DK
Deniz Kartal
Back to posts

Distributed Consensus: Raft vs Paxos

2025-01-102 min read
computer-scienceengineering

Distributed consensus is one of the fundamental problems in computer science. Two prominent solutions, Paxos and Raft, take different approaches to achieving the same goal: getting multiple nodes to agree on a value.

The Consensus Problem

In a distributed system, we need:

  • Agreement: All nodes decide on the same value
  • Validity: The decided value was proposed by some node
  • Termination: All non-faulty nodes eventually decide

Paxos: The Classic Approach

Paxos, introduced by Leslie Lamport, is notoriously difficult to understand. It operates in phases:

  1. Prepare phase: Proposer sends a prepare request
  2. Promise phase: Acceptors respond with promises
  3. Accept phase: Proposer sends accept requests
  4. Accepted phase: Acceptors accept the value

The complexity comes from handling failures and concurrent proposals.
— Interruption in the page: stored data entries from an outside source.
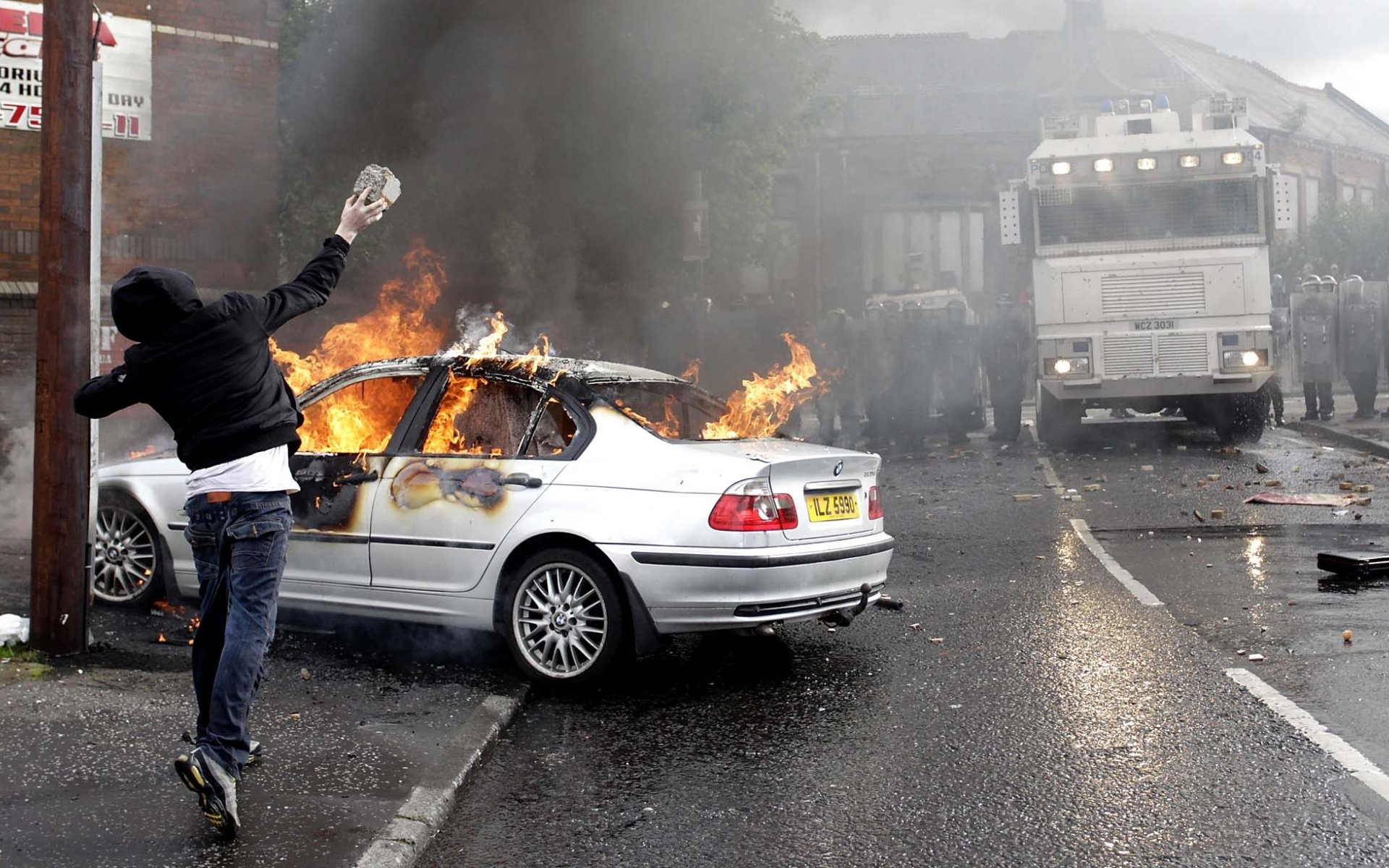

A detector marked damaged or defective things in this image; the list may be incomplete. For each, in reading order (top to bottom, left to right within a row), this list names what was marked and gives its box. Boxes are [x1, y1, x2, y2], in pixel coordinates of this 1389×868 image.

charred paint [391, 458, 511, 511]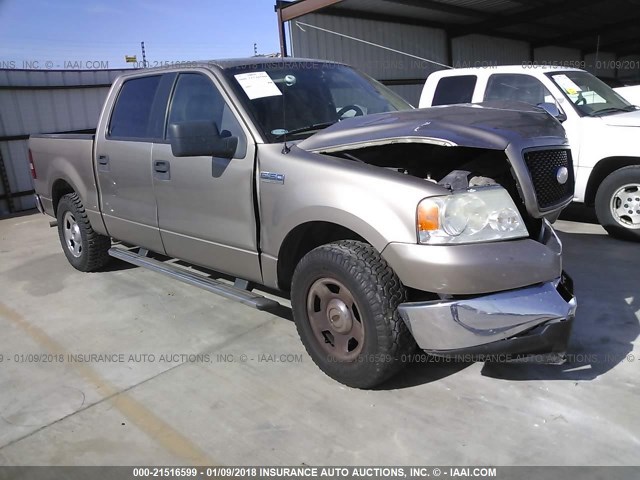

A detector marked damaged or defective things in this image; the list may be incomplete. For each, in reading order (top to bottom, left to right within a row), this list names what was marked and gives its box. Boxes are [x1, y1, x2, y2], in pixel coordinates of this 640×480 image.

crumpled hood [298, 100, 568, 153]
crumpled hood [596, 109, 640, 127]
detached bumper cover [398, 272, 576, 354]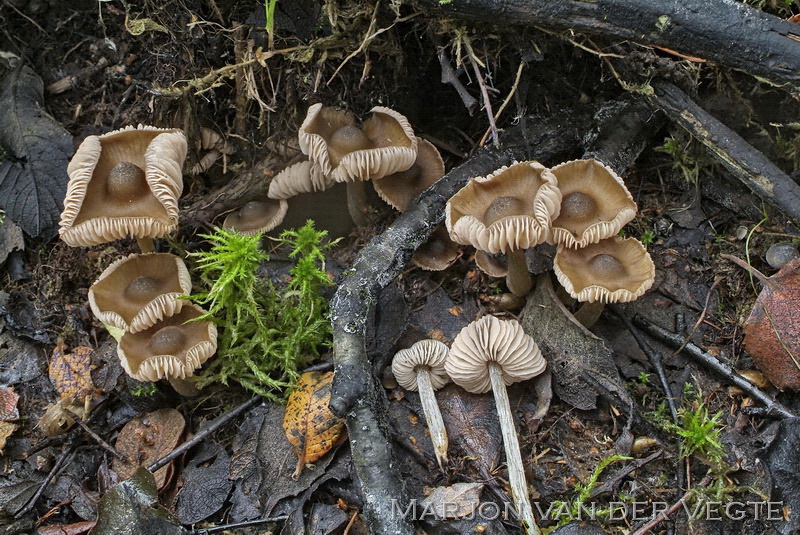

Raft: Understandability First

Raft was designed with understandability as a primary goal. It decomposes consensus into:

  1. Leader election: One node becomes the leader
  2. Log replication: Leader replicates log entries
  3. Safety: Ensuring correctness even with failures

The key insight is that having a strong leader simplifies the protocol significantly.

Implementation Considerations

When implementing consensus:

  • Raft is generally easier to implement correctly
  • Paxos can be more flexible in certain scenarios
  • Both require careful handling of network partitions
  • Performance characteristics vary by workload

Real-World Usage

  • etcd and Consul use Raft
  • Google Chubby uses Paxos
  • ZooKeeper uses Zab (similar to Paxos)

The choice often depends on the specific requirements and the team's familiarity with the algorithm.